+++ Data for processing +++
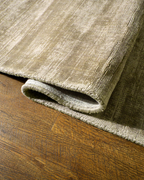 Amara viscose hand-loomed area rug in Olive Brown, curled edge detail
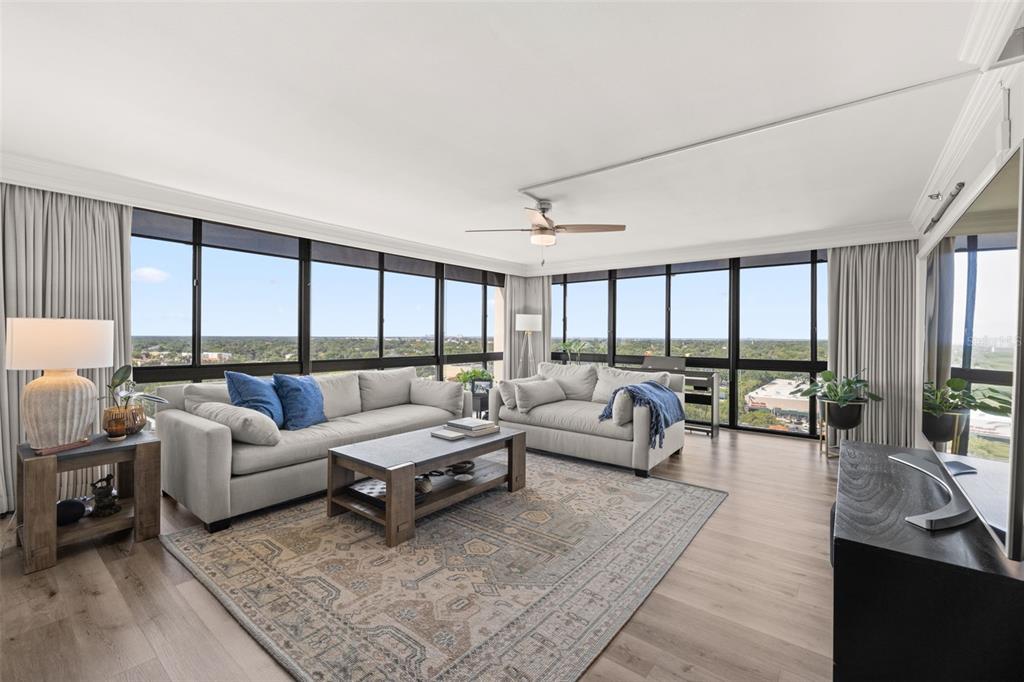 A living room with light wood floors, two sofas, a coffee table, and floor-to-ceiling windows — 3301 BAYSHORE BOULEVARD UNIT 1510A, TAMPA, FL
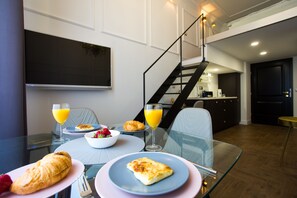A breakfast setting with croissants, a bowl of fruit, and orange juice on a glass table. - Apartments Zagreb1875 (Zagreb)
+++
+++ Data for processing +++
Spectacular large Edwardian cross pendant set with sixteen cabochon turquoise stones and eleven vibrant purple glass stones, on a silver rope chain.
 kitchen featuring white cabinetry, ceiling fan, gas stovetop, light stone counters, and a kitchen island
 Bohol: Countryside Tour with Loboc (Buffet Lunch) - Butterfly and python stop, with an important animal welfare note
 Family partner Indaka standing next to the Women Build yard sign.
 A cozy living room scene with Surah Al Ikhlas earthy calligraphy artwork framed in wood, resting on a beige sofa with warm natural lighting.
+++
+++ Data for processing +++
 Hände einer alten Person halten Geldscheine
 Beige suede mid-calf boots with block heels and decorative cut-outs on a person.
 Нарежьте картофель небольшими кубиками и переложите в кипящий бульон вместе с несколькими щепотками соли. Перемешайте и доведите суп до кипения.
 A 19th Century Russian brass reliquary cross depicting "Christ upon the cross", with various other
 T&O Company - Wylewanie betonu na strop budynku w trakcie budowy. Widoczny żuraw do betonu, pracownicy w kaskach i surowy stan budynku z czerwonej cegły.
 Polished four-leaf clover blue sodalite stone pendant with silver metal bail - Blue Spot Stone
+++
**Exercise**
Print from the line containing "Amara viscose hand-loomed" through the line containing "A breakfast setting" in the data above, exactly as the lines stand, and omit every picture.

**Finished task**
 Amara viscose hand-loomed area rug in Olive Brown, curled edge detail
 A living room with light wood floors, two sofas, a coffee table, and floor-to-ceiling windows — 3301 BAYSHORE BOULEVARD UNIT 1510A, TAMPA, FL
A breakfast setting with croissants, a bowl of fruit, and orange juice on a glass table. - Apartments Zagreb1875 (Zagreb)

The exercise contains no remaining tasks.